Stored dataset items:
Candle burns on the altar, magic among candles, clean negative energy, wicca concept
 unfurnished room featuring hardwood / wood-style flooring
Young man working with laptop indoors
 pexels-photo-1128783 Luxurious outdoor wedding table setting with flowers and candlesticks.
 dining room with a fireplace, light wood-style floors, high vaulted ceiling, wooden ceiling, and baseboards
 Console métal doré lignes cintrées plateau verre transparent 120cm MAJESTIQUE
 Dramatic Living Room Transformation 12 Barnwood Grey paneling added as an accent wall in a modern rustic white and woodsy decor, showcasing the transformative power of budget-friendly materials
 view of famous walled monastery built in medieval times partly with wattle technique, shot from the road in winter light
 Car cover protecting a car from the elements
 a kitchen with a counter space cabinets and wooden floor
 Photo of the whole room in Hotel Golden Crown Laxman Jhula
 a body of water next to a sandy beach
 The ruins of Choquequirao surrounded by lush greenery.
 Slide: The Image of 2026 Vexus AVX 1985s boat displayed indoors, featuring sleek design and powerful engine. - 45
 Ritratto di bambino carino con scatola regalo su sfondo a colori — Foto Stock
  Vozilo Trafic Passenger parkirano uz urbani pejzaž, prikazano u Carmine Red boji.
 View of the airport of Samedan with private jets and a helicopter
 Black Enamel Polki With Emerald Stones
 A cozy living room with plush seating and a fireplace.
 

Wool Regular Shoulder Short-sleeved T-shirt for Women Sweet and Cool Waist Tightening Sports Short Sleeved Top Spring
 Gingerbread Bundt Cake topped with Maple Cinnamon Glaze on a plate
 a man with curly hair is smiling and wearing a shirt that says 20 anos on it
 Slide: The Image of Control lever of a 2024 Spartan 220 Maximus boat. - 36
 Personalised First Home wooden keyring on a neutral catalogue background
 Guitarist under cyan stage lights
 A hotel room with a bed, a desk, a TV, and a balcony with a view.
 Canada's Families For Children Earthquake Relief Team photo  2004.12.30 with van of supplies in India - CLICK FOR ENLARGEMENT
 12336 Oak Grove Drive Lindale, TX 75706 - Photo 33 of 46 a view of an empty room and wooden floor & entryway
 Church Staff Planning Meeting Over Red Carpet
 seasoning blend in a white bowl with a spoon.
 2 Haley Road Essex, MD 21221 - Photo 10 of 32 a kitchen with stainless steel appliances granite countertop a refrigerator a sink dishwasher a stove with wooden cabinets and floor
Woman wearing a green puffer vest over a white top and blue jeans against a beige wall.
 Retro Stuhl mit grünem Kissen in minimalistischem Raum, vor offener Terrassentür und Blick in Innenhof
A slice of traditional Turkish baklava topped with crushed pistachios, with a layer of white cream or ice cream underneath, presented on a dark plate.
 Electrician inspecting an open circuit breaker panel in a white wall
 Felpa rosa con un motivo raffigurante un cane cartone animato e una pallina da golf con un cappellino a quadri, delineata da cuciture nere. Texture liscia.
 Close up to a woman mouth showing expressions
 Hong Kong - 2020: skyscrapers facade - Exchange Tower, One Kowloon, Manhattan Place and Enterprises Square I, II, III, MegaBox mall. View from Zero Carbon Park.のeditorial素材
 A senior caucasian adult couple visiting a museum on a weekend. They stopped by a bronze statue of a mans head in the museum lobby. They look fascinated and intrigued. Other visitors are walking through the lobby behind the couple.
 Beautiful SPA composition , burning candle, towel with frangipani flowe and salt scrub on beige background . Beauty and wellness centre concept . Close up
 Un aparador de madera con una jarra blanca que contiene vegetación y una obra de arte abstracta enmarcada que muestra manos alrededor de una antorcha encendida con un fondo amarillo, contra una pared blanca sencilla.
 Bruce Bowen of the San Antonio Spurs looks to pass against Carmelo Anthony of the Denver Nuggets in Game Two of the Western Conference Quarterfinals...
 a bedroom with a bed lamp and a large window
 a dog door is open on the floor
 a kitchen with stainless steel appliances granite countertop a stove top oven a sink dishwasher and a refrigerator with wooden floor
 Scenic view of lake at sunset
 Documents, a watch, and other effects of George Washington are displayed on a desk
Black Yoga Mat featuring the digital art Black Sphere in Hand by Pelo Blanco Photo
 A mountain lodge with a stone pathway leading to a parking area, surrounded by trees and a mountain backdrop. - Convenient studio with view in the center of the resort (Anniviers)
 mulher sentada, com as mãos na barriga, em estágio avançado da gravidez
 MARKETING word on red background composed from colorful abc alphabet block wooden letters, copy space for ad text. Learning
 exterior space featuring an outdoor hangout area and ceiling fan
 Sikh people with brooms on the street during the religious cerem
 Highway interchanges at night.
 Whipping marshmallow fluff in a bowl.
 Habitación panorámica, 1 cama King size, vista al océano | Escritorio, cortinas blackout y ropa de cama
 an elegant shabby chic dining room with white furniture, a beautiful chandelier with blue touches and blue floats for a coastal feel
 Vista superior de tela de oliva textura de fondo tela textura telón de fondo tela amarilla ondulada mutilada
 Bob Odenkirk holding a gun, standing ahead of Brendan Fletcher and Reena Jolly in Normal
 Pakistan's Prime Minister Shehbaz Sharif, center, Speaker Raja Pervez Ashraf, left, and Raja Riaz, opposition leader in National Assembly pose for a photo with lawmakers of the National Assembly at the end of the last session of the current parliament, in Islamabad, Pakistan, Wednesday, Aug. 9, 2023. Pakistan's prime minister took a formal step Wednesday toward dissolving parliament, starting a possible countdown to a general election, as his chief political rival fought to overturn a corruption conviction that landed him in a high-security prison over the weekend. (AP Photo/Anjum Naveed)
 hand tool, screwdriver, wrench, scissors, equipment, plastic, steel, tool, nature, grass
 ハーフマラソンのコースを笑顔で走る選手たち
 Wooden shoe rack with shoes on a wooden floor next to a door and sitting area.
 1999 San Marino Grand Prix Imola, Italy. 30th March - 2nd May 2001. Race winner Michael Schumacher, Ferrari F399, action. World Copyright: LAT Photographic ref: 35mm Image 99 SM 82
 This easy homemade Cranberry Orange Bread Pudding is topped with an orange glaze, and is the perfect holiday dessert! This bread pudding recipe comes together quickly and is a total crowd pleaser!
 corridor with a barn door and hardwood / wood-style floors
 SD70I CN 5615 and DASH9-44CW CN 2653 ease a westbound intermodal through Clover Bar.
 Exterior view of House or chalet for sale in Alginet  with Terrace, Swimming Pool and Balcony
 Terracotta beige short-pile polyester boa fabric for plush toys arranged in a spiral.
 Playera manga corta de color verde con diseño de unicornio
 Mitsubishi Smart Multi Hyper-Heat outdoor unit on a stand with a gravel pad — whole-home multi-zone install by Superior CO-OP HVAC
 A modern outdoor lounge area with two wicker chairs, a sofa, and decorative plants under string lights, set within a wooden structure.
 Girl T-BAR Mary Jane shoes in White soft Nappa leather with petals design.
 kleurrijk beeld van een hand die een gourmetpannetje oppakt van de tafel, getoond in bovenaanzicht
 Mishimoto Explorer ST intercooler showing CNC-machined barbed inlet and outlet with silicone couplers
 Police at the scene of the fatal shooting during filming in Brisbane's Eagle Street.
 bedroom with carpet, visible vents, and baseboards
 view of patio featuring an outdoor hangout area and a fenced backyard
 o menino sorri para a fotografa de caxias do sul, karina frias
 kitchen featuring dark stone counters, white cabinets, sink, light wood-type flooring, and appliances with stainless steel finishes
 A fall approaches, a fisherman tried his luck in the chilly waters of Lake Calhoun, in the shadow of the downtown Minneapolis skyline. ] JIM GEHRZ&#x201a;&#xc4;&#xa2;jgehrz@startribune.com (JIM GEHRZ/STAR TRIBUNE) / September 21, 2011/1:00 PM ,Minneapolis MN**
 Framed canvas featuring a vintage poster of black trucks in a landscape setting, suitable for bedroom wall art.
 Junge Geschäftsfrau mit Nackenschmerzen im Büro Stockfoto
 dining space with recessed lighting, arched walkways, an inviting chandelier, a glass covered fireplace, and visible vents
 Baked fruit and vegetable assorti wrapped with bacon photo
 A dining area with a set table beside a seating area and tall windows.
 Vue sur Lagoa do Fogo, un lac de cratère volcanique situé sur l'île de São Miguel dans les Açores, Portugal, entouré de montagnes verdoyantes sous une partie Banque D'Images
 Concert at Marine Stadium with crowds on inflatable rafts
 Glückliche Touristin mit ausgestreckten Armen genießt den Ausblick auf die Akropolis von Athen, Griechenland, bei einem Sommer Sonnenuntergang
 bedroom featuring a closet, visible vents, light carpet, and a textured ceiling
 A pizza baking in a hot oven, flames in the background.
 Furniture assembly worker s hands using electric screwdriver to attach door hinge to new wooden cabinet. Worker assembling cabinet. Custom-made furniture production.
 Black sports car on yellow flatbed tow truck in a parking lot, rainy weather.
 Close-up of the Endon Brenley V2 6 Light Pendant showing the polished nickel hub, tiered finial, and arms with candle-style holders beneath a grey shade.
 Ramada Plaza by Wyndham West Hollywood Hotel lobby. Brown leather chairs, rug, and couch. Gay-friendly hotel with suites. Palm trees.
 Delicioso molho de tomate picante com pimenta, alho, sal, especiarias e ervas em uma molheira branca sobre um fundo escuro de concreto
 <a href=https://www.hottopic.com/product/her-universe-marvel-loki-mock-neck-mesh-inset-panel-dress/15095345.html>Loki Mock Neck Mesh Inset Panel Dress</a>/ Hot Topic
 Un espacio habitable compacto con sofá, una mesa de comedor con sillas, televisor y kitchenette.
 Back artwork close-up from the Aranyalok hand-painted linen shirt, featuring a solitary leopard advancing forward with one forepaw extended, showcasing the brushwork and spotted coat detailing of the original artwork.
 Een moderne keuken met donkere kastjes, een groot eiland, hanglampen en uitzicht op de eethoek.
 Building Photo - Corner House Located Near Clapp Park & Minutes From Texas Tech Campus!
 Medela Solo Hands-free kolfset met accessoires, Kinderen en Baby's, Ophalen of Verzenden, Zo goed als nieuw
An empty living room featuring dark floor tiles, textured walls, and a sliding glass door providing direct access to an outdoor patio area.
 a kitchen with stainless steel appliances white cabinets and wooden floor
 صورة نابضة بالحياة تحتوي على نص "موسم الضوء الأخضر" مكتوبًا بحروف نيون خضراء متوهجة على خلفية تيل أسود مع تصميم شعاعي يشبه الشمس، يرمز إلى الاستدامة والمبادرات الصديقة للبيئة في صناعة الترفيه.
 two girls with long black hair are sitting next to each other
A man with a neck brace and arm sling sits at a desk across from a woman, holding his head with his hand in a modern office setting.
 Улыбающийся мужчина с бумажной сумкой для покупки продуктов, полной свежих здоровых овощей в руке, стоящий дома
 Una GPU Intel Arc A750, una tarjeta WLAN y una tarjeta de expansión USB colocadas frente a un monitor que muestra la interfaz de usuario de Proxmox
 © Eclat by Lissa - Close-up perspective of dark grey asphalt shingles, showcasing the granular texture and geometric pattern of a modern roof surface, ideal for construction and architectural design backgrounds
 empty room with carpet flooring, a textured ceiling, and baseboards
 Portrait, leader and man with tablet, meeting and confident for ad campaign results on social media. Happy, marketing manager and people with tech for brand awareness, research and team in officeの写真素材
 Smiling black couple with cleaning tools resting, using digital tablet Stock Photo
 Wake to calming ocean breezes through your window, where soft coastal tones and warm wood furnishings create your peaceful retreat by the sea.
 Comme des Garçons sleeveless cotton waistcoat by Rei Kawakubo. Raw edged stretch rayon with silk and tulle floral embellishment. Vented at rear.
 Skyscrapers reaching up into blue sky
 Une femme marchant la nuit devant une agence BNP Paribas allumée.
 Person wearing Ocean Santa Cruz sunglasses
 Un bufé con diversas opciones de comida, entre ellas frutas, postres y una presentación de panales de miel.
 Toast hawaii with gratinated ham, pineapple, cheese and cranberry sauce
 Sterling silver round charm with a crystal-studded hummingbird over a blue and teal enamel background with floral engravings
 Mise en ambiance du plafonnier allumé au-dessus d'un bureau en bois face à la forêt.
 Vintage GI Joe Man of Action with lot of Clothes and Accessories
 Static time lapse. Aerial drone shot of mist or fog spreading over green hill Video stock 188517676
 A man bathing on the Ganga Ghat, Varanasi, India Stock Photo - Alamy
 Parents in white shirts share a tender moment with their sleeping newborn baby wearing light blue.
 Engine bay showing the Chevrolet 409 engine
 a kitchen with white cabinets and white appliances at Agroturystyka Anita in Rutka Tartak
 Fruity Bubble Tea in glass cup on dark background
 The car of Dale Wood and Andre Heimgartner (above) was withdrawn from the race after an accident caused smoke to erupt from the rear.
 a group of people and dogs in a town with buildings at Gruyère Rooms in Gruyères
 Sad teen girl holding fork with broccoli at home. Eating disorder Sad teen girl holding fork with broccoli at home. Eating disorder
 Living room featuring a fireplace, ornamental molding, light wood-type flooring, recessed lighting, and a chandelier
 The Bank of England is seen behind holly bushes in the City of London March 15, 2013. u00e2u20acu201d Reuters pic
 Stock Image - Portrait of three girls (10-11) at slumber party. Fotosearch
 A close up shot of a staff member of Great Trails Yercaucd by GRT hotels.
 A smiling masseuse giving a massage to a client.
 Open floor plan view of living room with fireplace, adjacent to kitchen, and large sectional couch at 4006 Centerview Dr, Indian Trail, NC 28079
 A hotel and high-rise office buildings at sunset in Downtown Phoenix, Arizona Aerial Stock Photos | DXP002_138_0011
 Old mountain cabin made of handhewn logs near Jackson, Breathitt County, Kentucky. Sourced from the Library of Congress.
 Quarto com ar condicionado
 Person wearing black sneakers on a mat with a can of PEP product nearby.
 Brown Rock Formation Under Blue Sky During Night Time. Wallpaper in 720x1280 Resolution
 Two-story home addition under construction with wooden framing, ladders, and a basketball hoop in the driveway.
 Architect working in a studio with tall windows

(EXERCISE)
Copy out, word for word, the part of the entries above that begins at the line with "Un aparador de" and ends at the line with "a bedroom with a bed lamp and a large window", including both.

(SOLUTION FOR THIS TASK)
 Un aparador de madera con una jarra blanca que contiene vegetación y una obra de arte abstracta enmarcada que muestra manos alrededor de una antorcha encendida con un fondo amarillo, contra una pared blanca sencilla.
 Bruce Bowen of the San Antonio Spurs looks to pass against Carmelo Anthony of the Denver Nuggets in Game Two of the Western Conference Quarterfinals...
 a bedroom with a bed lamp and a large window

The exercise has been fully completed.